In these dissertation studies, a genetic strategy was developed to precisely control the mechanical properties and motility of cells by manipulating the activity of cytoskeletal signaling proteins. Genetic mutants of the signaling proteins RhoA GTPase, Rac1 GTPase, or myosin light chain kinase (MLCK) were introduced into human glioblastoma cells under the control of conditional promoters, thereby enabling graded and dynamic control over their expression through addition and withdrawal of the transcriptional inducers. Increasing the activity of RhoA or MLCK by inducibly expressing constitutively active (CA) mutants increased both the stiffness and the contractility of cells in a graded manner, which had an inhibitory effect on cell migration. Interestingly, decreasing RhoA activity through expression of a dominant negative (DN) mutant also produced a graded decrease in cell migration speed, indicating that cell motility varies biphasically with RhoA activity levels. A similar biphasic dependence was discovered upon varying the activity of Rac1. These results demonstrate the importance of using quantitative methods to reveal potentially nonlinear relationships between protein activity and cell behavior.

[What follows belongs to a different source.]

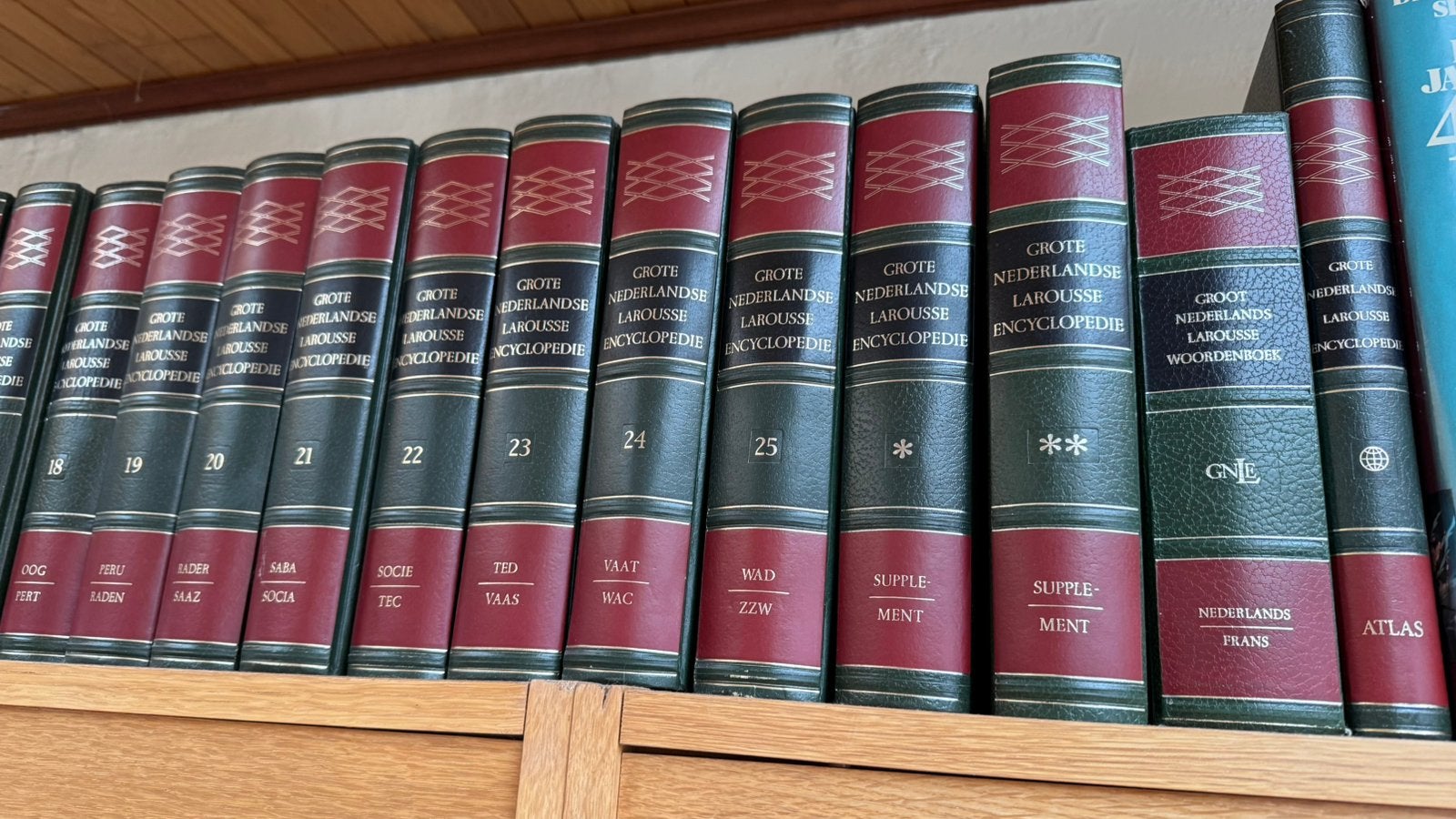 Larousse encyclopedie volledig, Boeken, Ophalen, Zo goed als nieuw, Algemeen, Complete serie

Expanding upon this strategy, two orthogonal promoter systems were combined to provide simultaneous control over the activity of two proteins in the same cell. RhoA and Rac1 are known to suppress each other through crosstalk between their signaling pathways, suggesting that cells can normally have high activity of only one protein or the other. To investigate the effects of forcing high activation of both proteins, CA RhoA and CA Rac1 were introduced into the same cells under different conditional promoters (either doxycycline-inducible or cumate-inducible). Expression of CA RhoA did not alter Rac1 activity and vice versa, demonstrating that the activity levels of RhoA and Rac1 can be independently varied with this strategy. Notably, expressing both CA mutants had a greater inhibitory effect on cell migration than either mutant alone, indicating that the effects of these mutants were additive rather than suppressive.
Finally, these orthogonal promoters were used to dynamically control the motility of multiple cell populations in a three-dimensional matrix, providing a new way to spatially pattern cells. When cells were cultured as multicellular spheroids within a collagen matrix, CA Rac1 expression stimulated cell migration, while DN Rac1 expression strongly inhibited it. Thus the ability to switch these two phenotypes on and off by adding and withdrawing the transcriptional inducers provided a way to control both the timing and the extent of cell migration. To exploit this as a patterning method, cells expressing DN Rac1 from either the doxycycline-inducible promoter or the cumate-inducible promoter were mixed together as multicellular spheroids and then subjected to alternating administration of the two inducers. When the inducer was switched (e.g., doxycycline removed and replaced with cumate), one population was stimulated to migrate while the other was inhibited, and this created radially symmetric patterns of cells over time.
The strategies developed in these dissertation studies represent a novel method for tuning cellular mechanical properties and behaviors, which we expect will be useful in a number of tissue engineering applications. In addition, by enabling graded control over the activity of multiple proteins, these methods provide a unique opportunity to investigate the quantitative relationships describing how protein activity levels influence cell behavior. Given that cell and tissue mechanics have been discovered to play critical roles in a number of human diseases, a better understanding of these relationships may lead to new therapeutic targets for disease treatments.